WHAT YOU ARE ASKED TO DO
From the material below, reproduce exactly the stretch of lines that begins with the line holding "Photo 5 from" and ends with the line holding "Used 2021 Mercedes-Benz", skipping the pictures.

DATA EXTRACTS
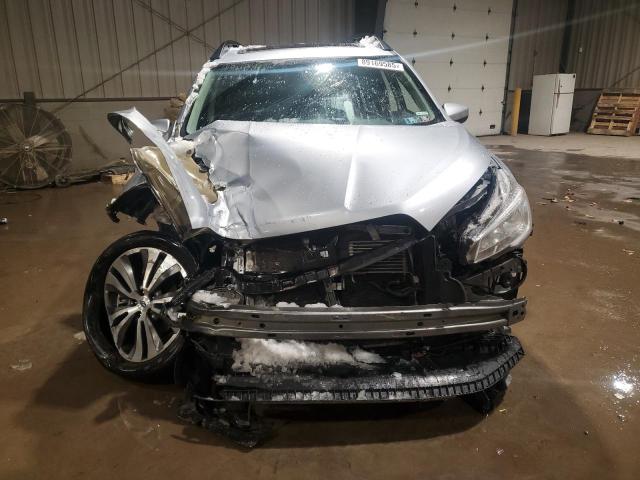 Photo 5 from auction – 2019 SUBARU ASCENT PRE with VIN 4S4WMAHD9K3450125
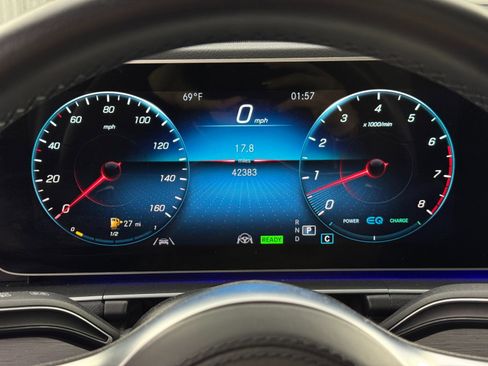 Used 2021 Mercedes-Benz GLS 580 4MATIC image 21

--

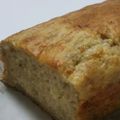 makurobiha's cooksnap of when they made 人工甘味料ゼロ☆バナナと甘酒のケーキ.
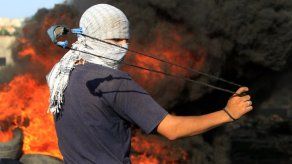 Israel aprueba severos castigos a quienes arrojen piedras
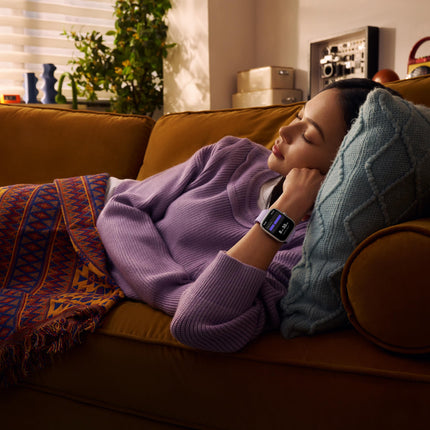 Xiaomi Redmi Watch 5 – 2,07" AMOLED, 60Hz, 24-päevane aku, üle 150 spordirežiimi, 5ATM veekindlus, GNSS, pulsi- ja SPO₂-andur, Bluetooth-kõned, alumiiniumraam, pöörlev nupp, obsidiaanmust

---

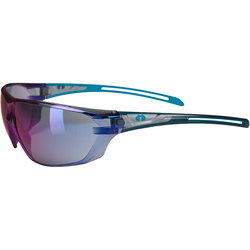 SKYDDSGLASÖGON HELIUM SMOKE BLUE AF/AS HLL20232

WRITTEN SOLUTION
 Photo 5 from auction – 2019 SUBARU ASCENT PRE with VIN 4S4WMAHD9K3450125
 Used 2021 Mercedes-Benz GLS 580 4MATIC image 21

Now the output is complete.